What is in this article?:
- Wheat pasture β grazing or grain
- Planning for grazing next fall
David Cleavinger likes his options with dryland and irrigated wheat and the possibility of $8 per bushel prices. And with added income from grazing stockers he’s banking on additional return from the crop.
The sky-high wheat price, plus lack of moisture across much of the winter wheat belt prevented many farmers from even considering a grazing option. But growers who have enjoyed reasonable snow or rainfall, or who have irrigation have run stockers over the winter. Cleavinger’s family is among that group.
Along with managing his family’s wheat, sorghum, sorghum silage, corn and sometimes cotton and cattle operation, Cleavinger, a Wildorado, Texas, producer, will be 2008 president of the National Association of Wheat Growers (NAWG). But crop management comes before tackling national wheat policy issues.
“When discussing whether to graze wheat or not, it’s a risk one way or another,” says Cleavinger, noting that growers could face hot, dry late spring weather that restricts wheat growth.
In the past his family bought stockers and took advantage of grazing opportunities from their wheat land. But with higher calf prices, they selected the leasing pasture route.
“In a normal year we lease pasture at $4 per hundredweight,” he says. Stockers are usually placed on irrigated wheat in the fall at about 400 pounds. The stocking rate is about one calf per acre. The 400-pound calves generate about $16 per month per head, solid cash flow over the winter.
But does he have the cattle pulled or let them remain on pasture for another month and a half? High feed grain prices mean feedyards want heavier cattle to reduce feed costs. So more cattlemen want that extra grazing time.
Derrell Peel, Oklahoma State University Extension economist, says farmers may give up four to five bushels of wheat in a full grazing program. That’s $32 per acre lost at an $8 price.
With the stout wheat price, Cleavinger is choosing the March 15 or sooner rule of pulling cattle off wheat to allow for full grain development. Because of rapid plant growth in the spring, stocking rates can usually be doubled in a graze-out program. But the wheat cannot be harvested.
Also, in a graze-out program, cattle would be larger, about 600 pounds, putting the lease rate at $4 times 6 hundredweight times 2 animals, says Steve Amosson, Texas A&M Extension economist.
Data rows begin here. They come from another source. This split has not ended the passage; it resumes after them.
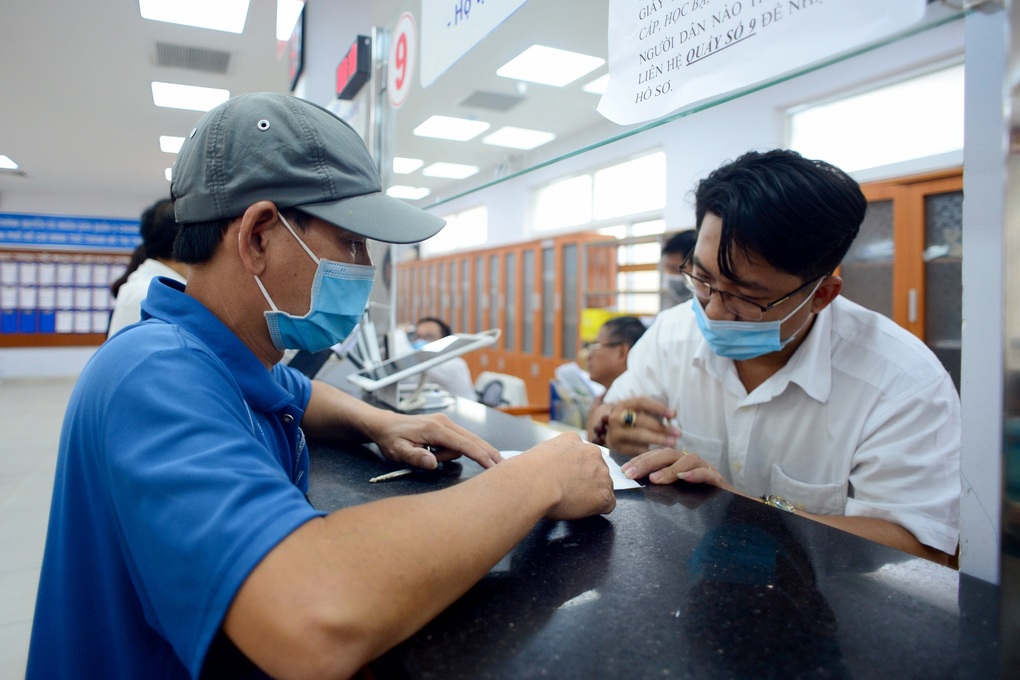 Bảng lương mới chuyên viên cao cấp, chuyên viên chính, nhân viên từ tháng 7 - 1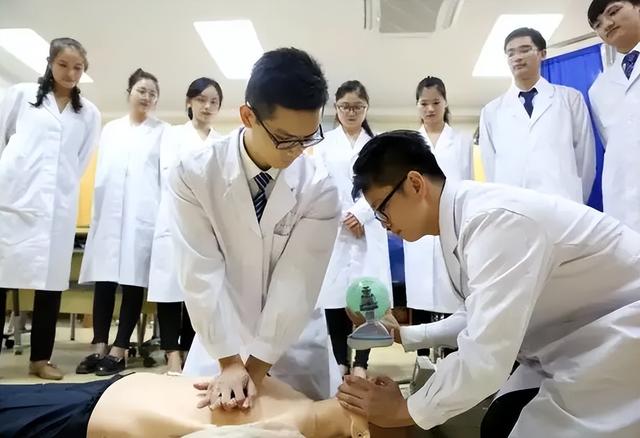 医生的收入有多少，医生的收入有多少钱（上海三甲医院医生工资流出）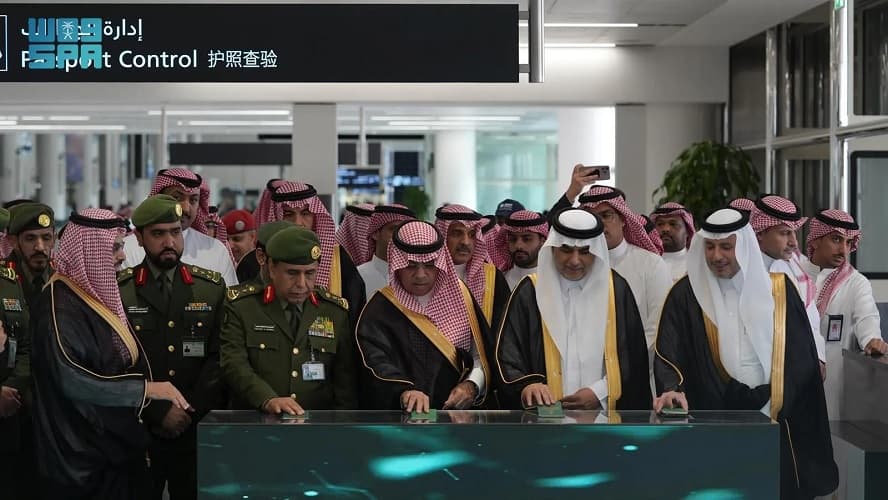 "الجوازات" السعودية تطلق المرحلة الأولى من البوابات الإلكترونية بمطار الملك خالد بالرياض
That pushes the leased return to $48 per month, or $96 for the two months. That’s a good return, but won’t fly with $8 wheat.
For Cleavinger, it still wouldn’t come close to covering what he would receive from producing a 50 to 60-bushel wheat crop, even if winter grazing reduces yields. However, he says there can be added risk in pulling them off early.
“Weather is the biggest factor, even with irrigation,” he says. “If the wheat heads out too early and we get a freeze, we can really be hurt. It goes back to the individual farmer. What type of risk is he willing to take?”
He likes the winter grazing for the boost in cash flow. “Plus, if we get hailed-out in the spring, we still have some income from the wheat,” says Cleavinger.
In a typical grazing program, stocking rates are usually one animal per 1 to 1.35 acres. If a producer owns the cattle and grazes them over winter, it’s often been a cattle-before-grain situation.
That’s different now, with the higher grain price. If the stocking rate is doubled to two head per acre and the anticipated gain is 2.3 pounds a day, then 60 extra days on pasture would produce an additional 276 pounds. If the value of the cattle is $1.08 per pound, that’s about an extra $298 of income per acre, or $149 per head.
Compare that to pulling the cattle the first week in March and harvesting wheat for grain. A 50-bushel crop at $8 would gross $400 per acre (excluding harvest cost and other input). “If you own the cattle it’s a little more interesting decision,” says Amosson, “but you would still be giving up significant revenues by grazing-out at current wheat prices.”
Of course, with the volatility in both wheat and cattle prices, there’s no guarantee of either $1.08 per pound price when cattle are pulled in early May or $8 when wheat is harvested in June or July. So early marketing to lock in a good price may be warranted, says Cleavinger.